Uma das personagens do romance cresceu em um condomínio de luxo, chegando à idade adulta sem saber qual era a realidade vivida pela maior parte dos habitantes de Angola. Como crescer nesse tipo de ambiente pode impactar a formação de um jovem?

Um aspecto curioso, no caso angolano, é que essas redes de condomínio foram em grande parte construídas por empresas brasileiras. Há um modelo brasileiro, o pior modelo de moradia, que infelizmente foi exportado para Angola pelas grandes construtoras. O Brasil já exportou, inclusive para Angola, coisas melhores. Por conta disso, as novas gerações das famílias angolanas próximas ao poder, com mais poder econômico, crescem completamente alienadas, com uma ignorância profunda a respeito do país.
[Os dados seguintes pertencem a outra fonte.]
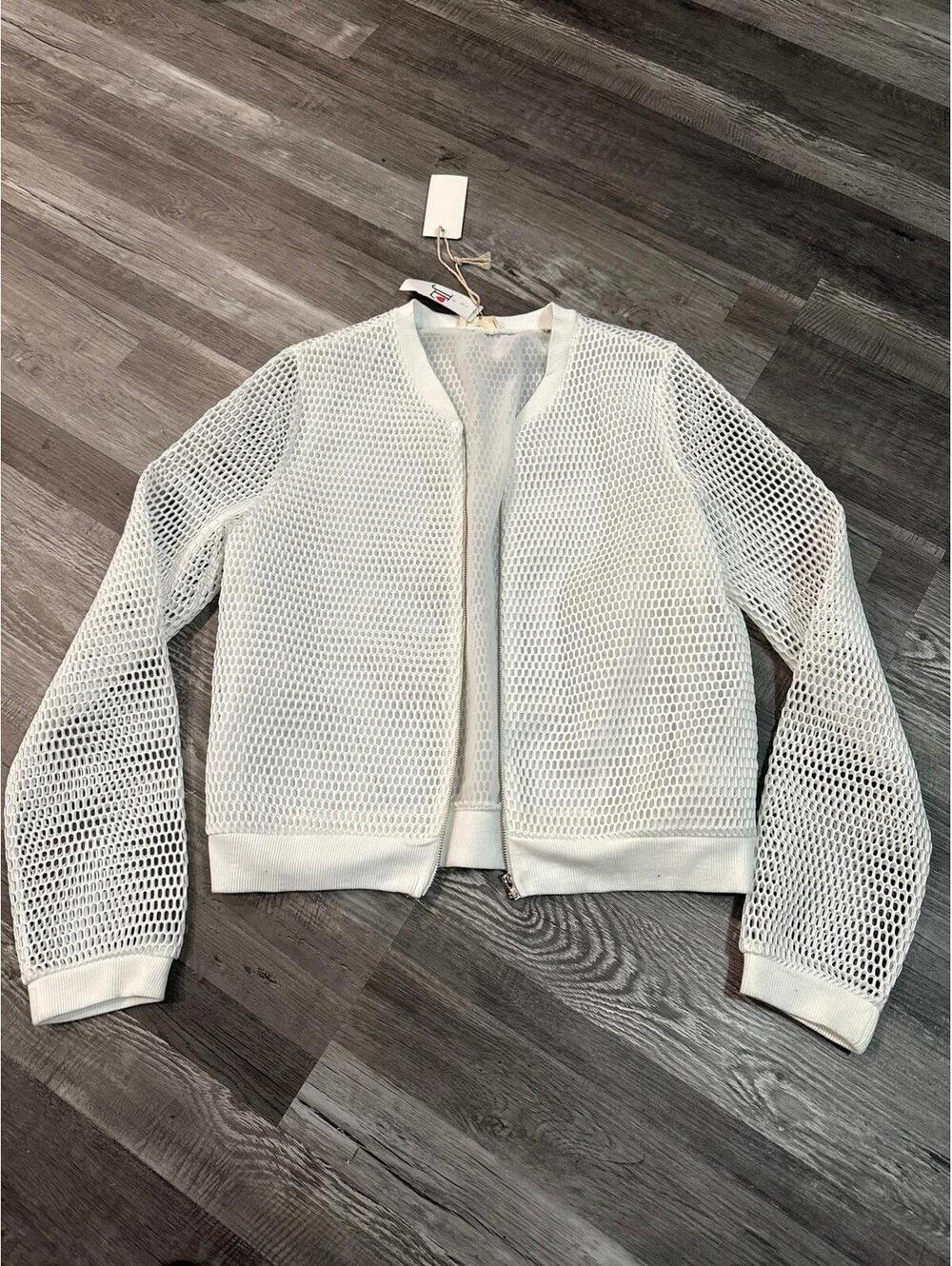White mesh jacket
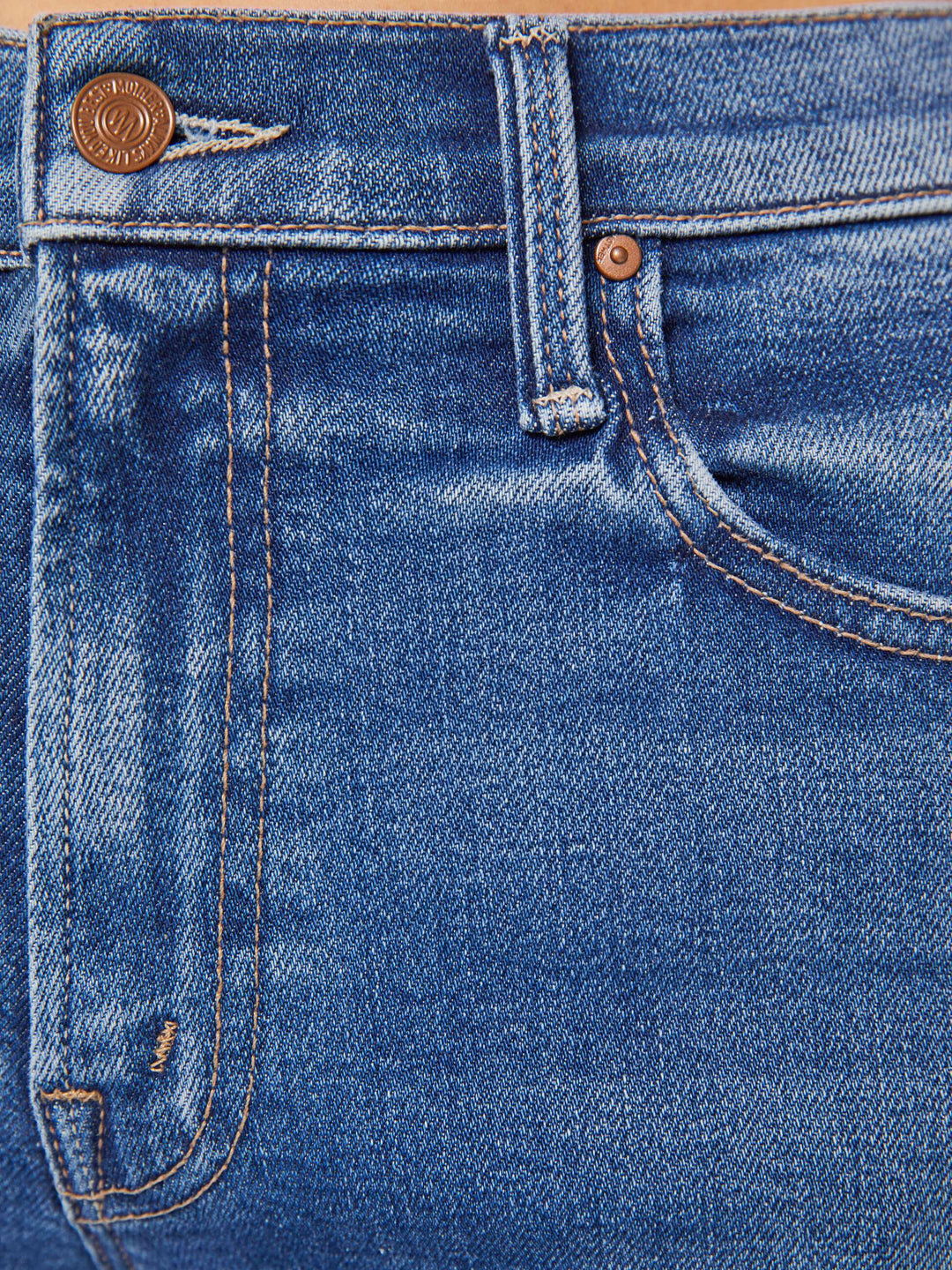 THE MID RISE RAMBLER ZIP ANKLE FRAY (DUGOUT DOOBIES) - MOTHER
Esses jovens realmente não sabem o que é Angola. Mas é interessante como alguns conseguem romper com esse ambiente, como Luaty Beirão, rapper e ativista político que se aproximou do povo pela música.

 

 

 

O senhor já publicou livros ambientados no Brasil, bem como viaja e discute sobre o passado e a situação atual do país. Qual é sua avaliação sobre o momento?

O Brasil se radicalizou muito. Há posições muito extremadas, que me lembra a situação em Angola logo após a guerra civil, em que houve uma grande divisão da sociedade. As pessoas passaram a se odiar mutuamente, impedindo a emergência de um pensamento diferente. O clima que o Brasil vive hoje me assusta muito. Vejo todos os dias gente bloqueando pessoas nas redes sociais. Pessoas que eram amigas deixam de se falar. É uma coisa terrível bloquear alguém simplesmente porque pensa diferente. Isso faz com que as pessoas se movimentem em um círculo de pensamento único. A maior virtude da democracia é que, de duas opiniões diferentes em confronto, possa surgir uma ideia melhor. Se ninguém está sequer disposto a ouvir o outro, estamos a caminho de um clima de pré-guerra civil. Isso é muito perigoso.

 

 

A falta de diálogo vista nas redes pode gerar conflitos maiores?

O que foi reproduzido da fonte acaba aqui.